Hoewel de sandisten in academia nog altijd welig tieren want er is genoeg materiaal om jaren onderzoeksgelden aan weg te gooien was Sand voor het grote publiek al lang een vage schim geworden. Het beeld van het manwijf was verdrongen door wat je de laatste George Sand zou kunnen noemen: la bonne dame de Nohant, bekend van de fotos van Nadar, de lieve kogelronde grootmoeder die haar tuin verzorgt en haar kleinkinderen adoreert, de schrijfster van de vreselijke streekromans die op Franse scholen verplichte lectuur waren: La mare au diable, La petite Fadette, François le Champi. Dit jaar wordt in Frankrijk het bicentenaire gevierd, want tweehonderd jaar geleden werd Aurore Dupin geboren en dat vraagt om grootse evenementen. Het folkloristische aspect overheerst: Sand raakte versmolten met haar favoriete streek en werd een toeristische trekpleister, zoals Van Gogh niet meer uit de omgeving van Arles is weg te denken. Nohant en het zuidelijk deel van de Berry zijn met verwijzingen naar haar leven en werken opvallend aanwezig op de officiële site (Site officiel du bicentenaire de George Sand en Berry) en die van de George Sand Association van Hofstra University in de Verenigde Staten. Academia en volkscultuur eindelijk verenigd.

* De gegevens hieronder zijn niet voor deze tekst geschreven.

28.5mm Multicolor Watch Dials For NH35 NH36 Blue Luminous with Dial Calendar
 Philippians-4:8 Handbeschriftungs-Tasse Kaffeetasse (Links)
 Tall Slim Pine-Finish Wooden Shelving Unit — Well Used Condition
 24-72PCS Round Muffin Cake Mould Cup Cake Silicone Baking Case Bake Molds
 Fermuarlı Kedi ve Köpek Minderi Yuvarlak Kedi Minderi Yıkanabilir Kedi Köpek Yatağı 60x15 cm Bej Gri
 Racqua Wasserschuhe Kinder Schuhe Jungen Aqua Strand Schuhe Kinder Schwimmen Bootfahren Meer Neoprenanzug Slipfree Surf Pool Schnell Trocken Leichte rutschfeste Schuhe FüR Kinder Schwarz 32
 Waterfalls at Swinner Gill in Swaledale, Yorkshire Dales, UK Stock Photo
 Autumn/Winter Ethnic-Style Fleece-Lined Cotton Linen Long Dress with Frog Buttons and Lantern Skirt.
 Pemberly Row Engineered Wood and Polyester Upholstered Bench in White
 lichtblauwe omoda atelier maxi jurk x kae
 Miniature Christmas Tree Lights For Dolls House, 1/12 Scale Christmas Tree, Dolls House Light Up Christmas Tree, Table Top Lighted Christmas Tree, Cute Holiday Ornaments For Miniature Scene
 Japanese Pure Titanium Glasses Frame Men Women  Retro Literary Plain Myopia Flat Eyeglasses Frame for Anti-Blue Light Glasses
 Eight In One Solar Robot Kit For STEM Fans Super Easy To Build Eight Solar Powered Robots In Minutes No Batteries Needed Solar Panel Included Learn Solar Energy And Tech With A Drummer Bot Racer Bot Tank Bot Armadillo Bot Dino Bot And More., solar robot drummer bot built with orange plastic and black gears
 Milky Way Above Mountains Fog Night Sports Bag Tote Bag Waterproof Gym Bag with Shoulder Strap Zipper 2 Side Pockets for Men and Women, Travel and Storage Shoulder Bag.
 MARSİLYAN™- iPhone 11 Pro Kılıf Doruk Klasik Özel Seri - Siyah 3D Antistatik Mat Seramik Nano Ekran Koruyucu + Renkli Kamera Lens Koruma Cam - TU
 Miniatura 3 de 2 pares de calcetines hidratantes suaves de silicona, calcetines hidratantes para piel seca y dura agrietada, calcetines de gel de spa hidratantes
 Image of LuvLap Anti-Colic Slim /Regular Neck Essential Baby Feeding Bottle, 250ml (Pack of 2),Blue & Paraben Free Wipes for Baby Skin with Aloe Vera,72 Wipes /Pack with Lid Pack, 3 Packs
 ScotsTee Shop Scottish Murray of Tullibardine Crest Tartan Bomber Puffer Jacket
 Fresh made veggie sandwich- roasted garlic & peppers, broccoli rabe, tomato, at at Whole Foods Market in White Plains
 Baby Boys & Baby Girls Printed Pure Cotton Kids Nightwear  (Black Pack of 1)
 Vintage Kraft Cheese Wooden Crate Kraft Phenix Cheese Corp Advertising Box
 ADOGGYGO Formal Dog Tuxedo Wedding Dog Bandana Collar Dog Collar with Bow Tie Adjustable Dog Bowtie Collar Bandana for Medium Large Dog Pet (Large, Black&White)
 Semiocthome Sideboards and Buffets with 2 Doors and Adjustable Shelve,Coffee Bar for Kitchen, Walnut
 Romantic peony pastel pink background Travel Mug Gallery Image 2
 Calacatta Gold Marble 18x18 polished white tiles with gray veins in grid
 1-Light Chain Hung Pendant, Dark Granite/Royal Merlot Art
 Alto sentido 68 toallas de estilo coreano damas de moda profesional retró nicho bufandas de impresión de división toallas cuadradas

George Sand overleed in 1876 aan de darmziekte die haar jarenlang had gepijnigd. Haar romans zijn een reflectie van de moeilijkheden die zij zelf heeft ondervonden: ze gaan over de moderne vrouw, die door de samenleving wordt onderdrukt maar tegenstand biedt en uiteindelijk triomfeert. Deze romantische damespulp heeft lezeressen van nu, die kijken naar series als Sex and the City en vaak ook zo leven, niet veel te bieden. In tegenstelling tot Balzac en Flaubert is Sand onleesbaar geworden, en alleen vrouwen die bijzonder kuis hebben geleefd oudere nonnen bijvoorbeeld zullen geschokt zijn door haar liefdesavonturen. Na het lezen van verschillende biografieën heb ik iets van twintig, hooguit 25 minnaars geteld, op zich geen opzienbarend aantal.
Sand was een kind van haar tijd. Opgevoed met de ideeën van de Revolutie raakte zij bevreesd voor haar excessen, maar zij bleef het adagium Liberté, Egalité, Fraternité trouw. Zij was een product van de Romantiek in haar geëxalteerde lofzang op de hartstocht, haar politiek engagement en haar liefde voor het boerenleven en de natuur, die zij boven de genoegens van de stad stelde. Zij was haar tijd ver vooruit in haar zoektocht naar volledige vrijheid. Vrijheid was, zoals zij zelf zei, haar beroep. Ook nu zijn er weinig vrouwen die dat kunnen zeggen.